Star Trek Reboot
Posted on Monday, May 11 @ 17:40:24 PST by Chris_HudakI won't belabor you with another 2000 words on the eye-dazzling CGI and awesome, jaw-dropping starship combat (although I could). Suffice it to say that Trek obviously takes some of its gritty cues from what is probably my second-favorite, sci-fi outing (and was certainly the best thing on TV there, for a while), the re-boot of Battlestar Galactica—and that is a very, very good thing. Like the much-hailed Star Trek II: The Wrath of Khan before it, Star Trek does a straight-faced, military take on the mechanics—and horrors—of ship-to-ship space combat. No goofy, nonsensical biplane-inspired maneuvers, 'trench-runs' or comic-relief 'droids, but believable displays, panicked cross-chatter, batteries of point-defense gatling phasers chewing up incoming fragmenting warheads.

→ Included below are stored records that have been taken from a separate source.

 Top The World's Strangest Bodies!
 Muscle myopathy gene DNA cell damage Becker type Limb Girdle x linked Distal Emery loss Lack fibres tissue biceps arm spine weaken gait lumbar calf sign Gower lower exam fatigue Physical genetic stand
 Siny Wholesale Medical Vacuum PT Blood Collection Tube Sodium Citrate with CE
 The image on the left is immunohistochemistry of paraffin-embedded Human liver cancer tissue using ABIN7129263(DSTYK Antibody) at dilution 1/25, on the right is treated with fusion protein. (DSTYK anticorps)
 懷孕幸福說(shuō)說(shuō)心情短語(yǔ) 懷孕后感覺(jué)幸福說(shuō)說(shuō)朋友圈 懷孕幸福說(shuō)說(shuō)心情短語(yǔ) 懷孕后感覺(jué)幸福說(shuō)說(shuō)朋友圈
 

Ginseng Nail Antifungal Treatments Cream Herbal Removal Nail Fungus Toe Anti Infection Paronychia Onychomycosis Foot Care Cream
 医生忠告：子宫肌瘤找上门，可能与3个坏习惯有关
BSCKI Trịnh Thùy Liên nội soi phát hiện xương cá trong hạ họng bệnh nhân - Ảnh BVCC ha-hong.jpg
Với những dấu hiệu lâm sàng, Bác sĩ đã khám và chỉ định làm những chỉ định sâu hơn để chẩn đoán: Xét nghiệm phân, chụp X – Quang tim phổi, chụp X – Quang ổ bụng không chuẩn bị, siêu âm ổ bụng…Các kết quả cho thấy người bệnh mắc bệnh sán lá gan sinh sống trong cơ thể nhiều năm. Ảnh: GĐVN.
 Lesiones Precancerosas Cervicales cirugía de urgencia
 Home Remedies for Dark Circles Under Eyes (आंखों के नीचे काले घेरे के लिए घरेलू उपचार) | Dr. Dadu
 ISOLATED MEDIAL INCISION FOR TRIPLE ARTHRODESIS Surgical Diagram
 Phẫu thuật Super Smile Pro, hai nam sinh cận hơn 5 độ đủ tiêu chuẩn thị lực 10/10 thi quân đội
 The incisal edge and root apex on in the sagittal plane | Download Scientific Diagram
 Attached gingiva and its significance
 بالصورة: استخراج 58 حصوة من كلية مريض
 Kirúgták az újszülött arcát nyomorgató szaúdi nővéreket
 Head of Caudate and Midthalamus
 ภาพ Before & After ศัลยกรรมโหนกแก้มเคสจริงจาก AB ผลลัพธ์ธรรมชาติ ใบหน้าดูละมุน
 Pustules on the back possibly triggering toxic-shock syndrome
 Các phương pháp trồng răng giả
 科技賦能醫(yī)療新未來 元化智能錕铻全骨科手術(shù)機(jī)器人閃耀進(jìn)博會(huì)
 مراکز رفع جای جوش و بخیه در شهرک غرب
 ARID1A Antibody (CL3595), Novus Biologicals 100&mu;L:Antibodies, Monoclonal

Don't forget scared personnel panicking from their posts, burning up, and getting blown out compromised bulkheads to die in silent, hard vacuum (of the many things Star Trek has taught me, I wouldn't ever want to work in the engine, warp-core or fire-control section of a starship, Federation of otherwise).
TREK, DRUGS AND ROCK 'N ROLL
Many of us are certainly thinking it, but front-man “Captain” Karl Miller of the Star Trek rock band Warp 11 (of course there's a Star Trek rock band; don't be an idiot) just comes out and says it: “It was a lot better than the last 10 Star Trek movies!”. Just days before the new Trek film hit theaters, Warp 11 released their 5th studio album, I Don't Want to Go to Heaven As Long As They Have Vulcans in Hell (Reboot Music). Warp 11 is Star Trek, sex, alcohol, rock and...well, and that's pretty much it. To quote one space-alien who has adapted to Earth life particularly well: It's a good thing.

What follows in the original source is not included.